A rich fauna is preserved at Cladach a'Ghlinne and other sites within the formation. This fauna is similar to that of the Forest Marble Formation, a formation of similar age found in England. Plant fossils, contrastingly, are extremely rare within the Kilmaluag Formation, mostly restricted to gymnosperm pollen and pteridophyte spores. Invertebrates are best represented by extremely abundant freshwater ostracods such as Darwinula and Theriosynoecum. Other invertebrates include conchostracans Anthronesteria and Pseudograpta, the gastropod Viviparus, and the bivalve Unio. Burrows indicate the presence of shrimps or crabs. Insect fossils are not common, but include beetles. Fish include the hybodonts Acrodus and Hybodus, pycnodonts, the semionotiform Lepidotes, amiiforms, and a sarcopterygian that may be a type of coelacanth. Amphibians include the karaurid Marmorerpeton wakei, a very primitive form of salamander, as well as the albanerpetontid Anoualerpeton; frogs are seemingly absent.
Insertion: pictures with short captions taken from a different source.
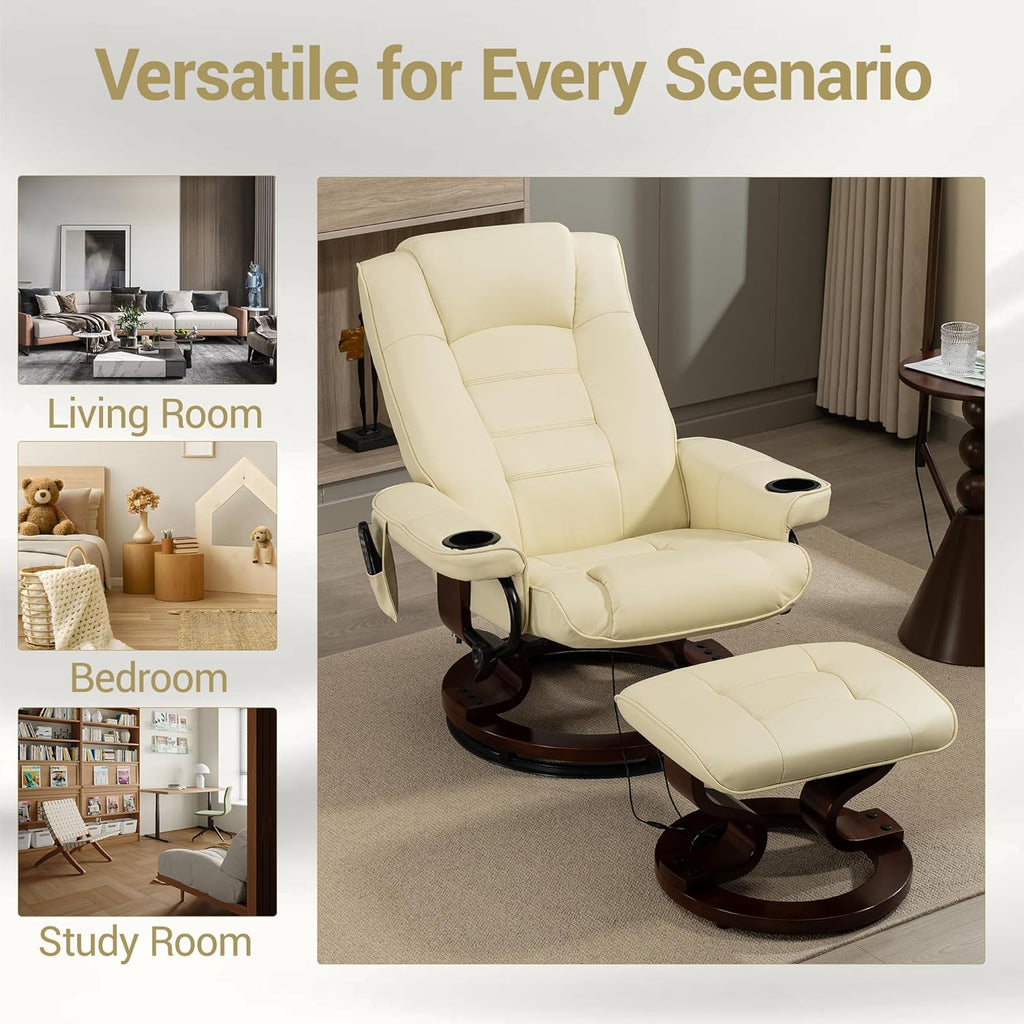 Modern Reclining Lounge Chair and Ottoman — Beige PU Leather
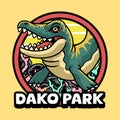 Cute Dakosaurus Dinosaur Aquatic Character Mascot in Cartoon Illustration Royalty Free Stock Photo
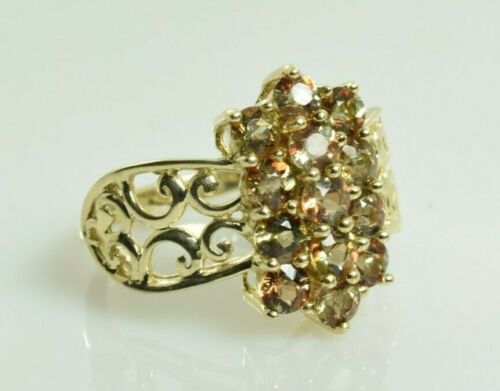 Orange Brown Topaz Cluster Ring in 10k Yellow Gold 1.82 Carats Size 6.25 - Picture 1 of 4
Many reptiles are found in the formation, with the early lepidosauromorph Marmoretta being the most common. Lizards found in the formation include Bellairsia gracilis, Balnealacerta, and Parviraptor. Rhynchocephalians appear to be absent. Aquatic reptiles include the choristodere Cteniogenys, and turtle remains are common, including Eileanchelys, one of the earliest aquatic turtles. Crocodylomorphs are represented by atoposaurids and goniopholids. Dinosaurs are primarily known from tracks, indicating the presence of megalosaurid theropods and large eusauropods. A neornithischian dinosaur, possibly the oldest known ornithopod, is represented by a partial skeleton. Mammals include the tritylodontid Stereognathus ooliticus, the docodonts Borealestes serendipitus, Borealestes cuillinensis, and Krusatodon kirtlingtonensis, the morganucodont Wareolestes rex, the cladotherian Palaeoxonodon ooliticus, and Phascolotherium. Multituberculates and haramiyidans notably appear absent.